Table of Contents
- Overview of Sources
- Aggregate Functions
- Window Functions
- Exclusive Functions (Analysis Specific)
- Date & Time Functions
- String Functions
- Linear and Quadratic Regression Models
- 4PL Formula
- 4PL Fitting Algorithm
- Appendix: Functions Table
Overview of Sources
Functionality | Category | Tool | Link |
Linear and Quadratic Regression Models | Charting | statsmodels | https://www.statsmodels.org/dev/examples/notebooks/generated/wls.html |
4PL Formula | Charting | Mathworks | https://it.mathworks.com/matlabcentral/fileexchange/38122-four-parameters-logistic-regression-there-and-back-again |
4PL Fitting Algorithm | Charting | lmfit package for python | https://lmfit.github.io/lmfit-py/model.html |
Window Functions | Transforms | DuckDB | |
Aggregate Functions | Transforms | DuckDB | https://duckdb.org/docs/sql/functions/aggregates |
Computed Columns | Transforms | DuckDB and Internal (Based off of Microsoft Excel functions) |
https://duckdb.org/docs/sql/functions/aggregates |
Aggregate Functions
Aggregate functions operate on multiple rows of data and return a single result, which makes them useful for summarizing large datasets.
- average: Returns the arithmetic mean of a set of numeric values.
- count: Counts the number of non-NULL entries.
- count nulls: Counts the number of NULL values in a dataset.
- max: Returns the largest value in a dataset.
- median: Finds the median value in a set of numbers.
- min: Returns the smallest value in a dataset.

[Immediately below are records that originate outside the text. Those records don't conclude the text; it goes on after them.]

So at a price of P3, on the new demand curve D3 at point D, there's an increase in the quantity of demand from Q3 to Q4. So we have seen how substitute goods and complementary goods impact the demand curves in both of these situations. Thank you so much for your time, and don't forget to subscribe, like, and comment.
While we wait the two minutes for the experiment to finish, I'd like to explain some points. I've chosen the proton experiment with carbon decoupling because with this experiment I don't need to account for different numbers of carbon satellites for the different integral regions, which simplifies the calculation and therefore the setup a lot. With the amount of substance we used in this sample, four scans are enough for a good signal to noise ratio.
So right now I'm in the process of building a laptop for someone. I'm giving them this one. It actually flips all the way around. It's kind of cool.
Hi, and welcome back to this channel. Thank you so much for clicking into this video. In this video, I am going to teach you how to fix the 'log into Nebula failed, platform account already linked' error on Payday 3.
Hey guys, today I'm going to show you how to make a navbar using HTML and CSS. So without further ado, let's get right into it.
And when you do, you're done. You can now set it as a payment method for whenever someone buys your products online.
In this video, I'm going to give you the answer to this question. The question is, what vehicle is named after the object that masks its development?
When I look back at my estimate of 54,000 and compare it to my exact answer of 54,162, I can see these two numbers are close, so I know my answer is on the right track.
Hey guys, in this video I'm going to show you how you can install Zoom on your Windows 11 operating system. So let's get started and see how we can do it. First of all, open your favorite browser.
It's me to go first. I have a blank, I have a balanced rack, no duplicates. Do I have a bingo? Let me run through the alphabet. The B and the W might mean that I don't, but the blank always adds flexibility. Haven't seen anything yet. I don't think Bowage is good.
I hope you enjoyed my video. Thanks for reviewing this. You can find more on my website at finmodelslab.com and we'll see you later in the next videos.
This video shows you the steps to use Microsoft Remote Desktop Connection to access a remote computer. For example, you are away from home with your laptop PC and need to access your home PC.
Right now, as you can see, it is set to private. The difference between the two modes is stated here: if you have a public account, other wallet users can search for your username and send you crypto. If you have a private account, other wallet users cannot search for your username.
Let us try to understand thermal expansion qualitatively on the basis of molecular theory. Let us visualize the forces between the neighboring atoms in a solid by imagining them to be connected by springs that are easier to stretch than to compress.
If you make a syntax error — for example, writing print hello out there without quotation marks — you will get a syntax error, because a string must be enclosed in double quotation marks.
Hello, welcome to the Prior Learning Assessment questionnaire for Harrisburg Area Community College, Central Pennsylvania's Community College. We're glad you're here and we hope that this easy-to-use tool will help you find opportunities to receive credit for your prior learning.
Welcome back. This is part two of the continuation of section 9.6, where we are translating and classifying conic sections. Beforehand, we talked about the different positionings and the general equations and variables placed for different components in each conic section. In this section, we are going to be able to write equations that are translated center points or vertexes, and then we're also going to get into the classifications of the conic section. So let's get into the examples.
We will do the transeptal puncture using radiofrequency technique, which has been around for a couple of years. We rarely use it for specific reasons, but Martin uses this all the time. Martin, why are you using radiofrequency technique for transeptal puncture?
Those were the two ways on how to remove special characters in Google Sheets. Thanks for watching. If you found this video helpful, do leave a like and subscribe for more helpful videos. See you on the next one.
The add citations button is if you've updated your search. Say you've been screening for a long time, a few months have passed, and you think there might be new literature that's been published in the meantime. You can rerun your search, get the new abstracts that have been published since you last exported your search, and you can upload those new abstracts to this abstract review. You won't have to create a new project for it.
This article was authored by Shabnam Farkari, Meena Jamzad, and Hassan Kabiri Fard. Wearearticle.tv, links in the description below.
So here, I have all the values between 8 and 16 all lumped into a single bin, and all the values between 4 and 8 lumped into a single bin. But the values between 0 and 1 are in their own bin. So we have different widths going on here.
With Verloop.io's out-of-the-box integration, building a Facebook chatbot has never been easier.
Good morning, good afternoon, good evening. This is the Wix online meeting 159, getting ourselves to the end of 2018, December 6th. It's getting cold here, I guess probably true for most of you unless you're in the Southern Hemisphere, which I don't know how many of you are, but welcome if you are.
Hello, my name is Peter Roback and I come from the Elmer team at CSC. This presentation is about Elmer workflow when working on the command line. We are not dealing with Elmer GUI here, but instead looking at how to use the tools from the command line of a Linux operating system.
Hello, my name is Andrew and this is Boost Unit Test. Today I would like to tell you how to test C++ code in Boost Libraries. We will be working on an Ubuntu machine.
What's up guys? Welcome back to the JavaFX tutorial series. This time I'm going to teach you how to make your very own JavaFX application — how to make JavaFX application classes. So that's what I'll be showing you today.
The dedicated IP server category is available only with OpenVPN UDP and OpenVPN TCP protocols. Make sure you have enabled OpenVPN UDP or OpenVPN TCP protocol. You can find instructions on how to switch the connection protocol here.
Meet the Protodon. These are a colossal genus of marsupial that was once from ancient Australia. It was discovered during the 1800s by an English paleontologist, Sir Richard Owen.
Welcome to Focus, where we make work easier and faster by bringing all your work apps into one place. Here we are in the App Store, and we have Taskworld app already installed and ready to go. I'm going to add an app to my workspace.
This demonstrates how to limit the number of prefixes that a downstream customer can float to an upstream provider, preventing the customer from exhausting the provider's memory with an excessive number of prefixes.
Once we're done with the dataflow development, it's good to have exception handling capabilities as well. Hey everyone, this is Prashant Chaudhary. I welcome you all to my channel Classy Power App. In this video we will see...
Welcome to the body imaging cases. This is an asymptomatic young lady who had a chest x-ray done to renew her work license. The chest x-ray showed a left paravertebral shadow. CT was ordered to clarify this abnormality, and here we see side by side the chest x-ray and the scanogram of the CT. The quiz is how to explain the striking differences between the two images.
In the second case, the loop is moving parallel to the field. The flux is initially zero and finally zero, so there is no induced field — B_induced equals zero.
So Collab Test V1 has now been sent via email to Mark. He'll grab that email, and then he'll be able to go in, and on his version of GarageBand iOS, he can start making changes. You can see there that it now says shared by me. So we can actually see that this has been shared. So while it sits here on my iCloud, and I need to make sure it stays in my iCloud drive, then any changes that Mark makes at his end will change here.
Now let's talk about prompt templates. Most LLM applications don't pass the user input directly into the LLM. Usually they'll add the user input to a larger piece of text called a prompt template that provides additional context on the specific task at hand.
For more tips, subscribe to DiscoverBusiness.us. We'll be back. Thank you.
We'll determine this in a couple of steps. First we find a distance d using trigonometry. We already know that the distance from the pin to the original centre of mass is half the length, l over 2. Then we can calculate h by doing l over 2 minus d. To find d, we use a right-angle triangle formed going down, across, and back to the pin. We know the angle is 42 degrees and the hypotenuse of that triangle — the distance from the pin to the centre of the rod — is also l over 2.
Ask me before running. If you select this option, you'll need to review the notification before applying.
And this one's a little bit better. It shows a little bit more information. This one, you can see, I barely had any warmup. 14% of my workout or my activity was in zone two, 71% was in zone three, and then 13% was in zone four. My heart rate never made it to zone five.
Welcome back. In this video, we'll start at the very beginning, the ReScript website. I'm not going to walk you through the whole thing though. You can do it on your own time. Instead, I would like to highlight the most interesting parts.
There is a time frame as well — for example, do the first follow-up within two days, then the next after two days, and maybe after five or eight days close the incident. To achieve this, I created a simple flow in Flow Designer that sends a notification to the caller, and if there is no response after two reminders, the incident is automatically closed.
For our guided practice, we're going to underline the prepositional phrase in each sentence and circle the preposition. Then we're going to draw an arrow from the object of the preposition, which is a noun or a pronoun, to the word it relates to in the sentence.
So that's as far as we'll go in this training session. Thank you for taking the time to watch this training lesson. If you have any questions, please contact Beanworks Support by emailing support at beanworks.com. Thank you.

- mode: Returns the most frequent value in a dataset.
- product: Returns the product of all values in a dataset (multiplies them together).
- standard deviation: Measures the amount of variation or dispersion in a set of values.
- standard error: Measures the accuracy with which a sample distribution represents a population.
- sum: Returns the sum of all non-NULL values.
- variance: Measures how far a set of numbers are spread out from their average value.
- geometric mean: Calculates the geometric mean, which is useful when dealing with percentages or rates of change.
- text concat: Concatenates (joins) multiple text values into one.
Window Functions
Window functions perform a calculation across a set of table rows that are somehow related to the current row. Unlike aggregate functions, window functions do not group the result into a single row.
- first: Returns the first value in the window of rows.
- lag: Returns the value of a preceding row at a given offset.
- last: Returns the last value in the window of rows.
- lead: Returns the value of the following row at a given offset.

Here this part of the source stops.